Measuring Happiness Around the World Through Artificial Intelligence

Rustem Ozakar Department of Computer Engineering
Erzurum Technical University
Erzurum, Turkey
[email protected] Rafet Efe Gazanfer Department of Computer Engineering
Erzurum Technical University
Erzurum, Turkey
[email protected] Y. Sinan Hanay Department of Computer Engineering
Erzurum Technical University
Erzurum, Turkey
[email protected]

Abstract

In this work, we analyze the happiness levels of countries using an unbiased emotion detector, artificial intelligence (AI). To date, researchers proposed many factors that may affect happiness such as wealth, health and safety. Even though these factors all seem relevant, there is no clear consensus between sociologists on how to interpret these, and the models to estimate the cost of these utilities include some assumptions. Researchers in social sciences have been working on determination of the happiness levels in society and exploration of the factors correlated with it through polls and different statistical methods. In our work, by using artificial intelligence, we introduce a different and relatively unbiased approach to this problem. By using AI, we make no assumption about what makes a person happy, and leave the decision to AI to detect the emotions from the faces of people collected from publicly available street footages. We analyzed the happiness levels in eight different cities around the world through available footage on the Internet and found out that there is no statistically significant difference between countries in terms of happiness.

Index Terms:

human happiness, artificial intelligence, machine learning, facial emotion recognition, happiness index

I Introduction

Emotions are a distinctive part of human nature. It is an essential element of life, and it contributes to our interactions with other people. Our intelligence attaches great importance to how we feel and distinguishes between different emotions. It is not possible to define or measure emotions in an exact manner, since they are abstract and subjective. However, social scientists have used different indicators about how one feels and what affects one’s feelings. Thus, measuring happiness is possible to some extent.

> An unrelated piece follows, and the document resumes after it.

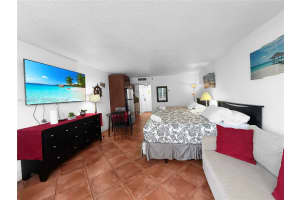 19201 Collins Ave #623, Sunny Isles Beach, FL 33160, - MLS#A11996609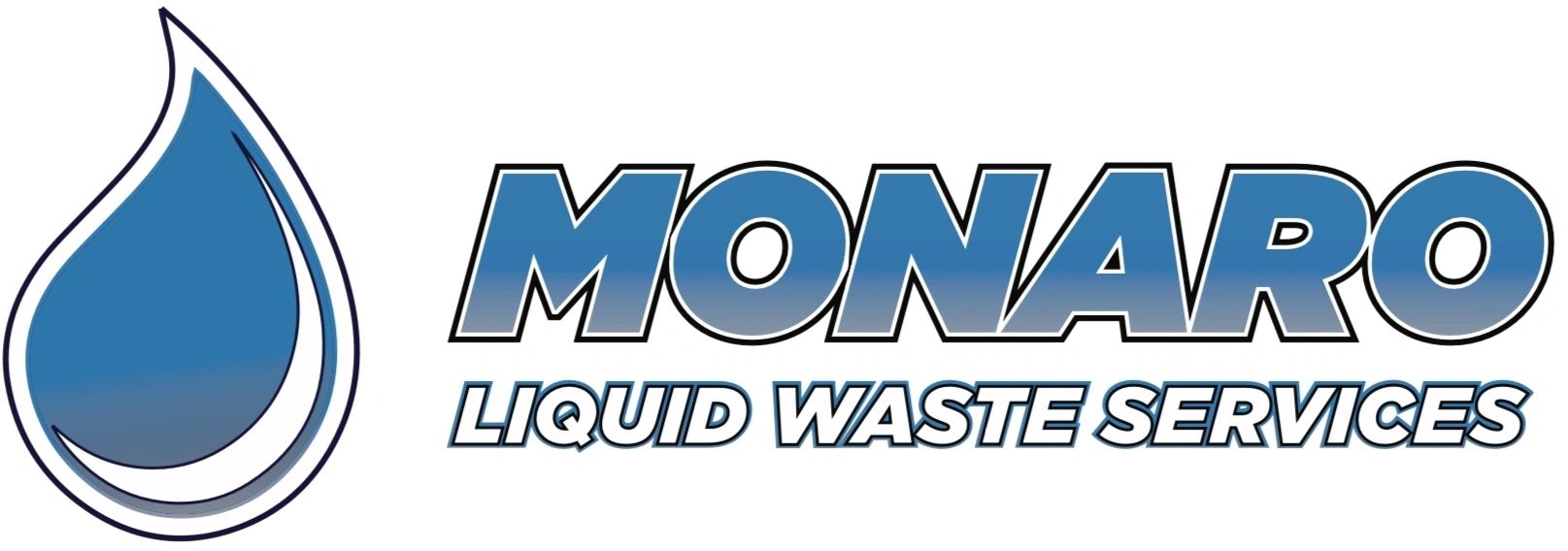 Monaro Liquid Waste Services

Happiness is a multidimensional complex fact [1]. It is a driving force and natural goal for most people. Researchers in social sciences have different methods on measuring happiness and variables that affect happiness.

Analyzing happiness levels or life satisfaction of countries attracted wide interest in social sciences and media. Generally, social sciences use polls to measure the level of happiness of society. Acquiring accurate results with happiness levels is a desired goal in different research areas. Machine learning can help with this problem by adding unbiased approach on measuring happiness and add an extra dimension to researchers in social sciences. In this mindset, our work examines the emotions from facial images collected from publicly available street footages of eight different cities around the world. Facial expressions from raw city footage are categorized into seven basic emotions; Anger, Sad, Neutral, Disgust, Surprise, Fear, Happy.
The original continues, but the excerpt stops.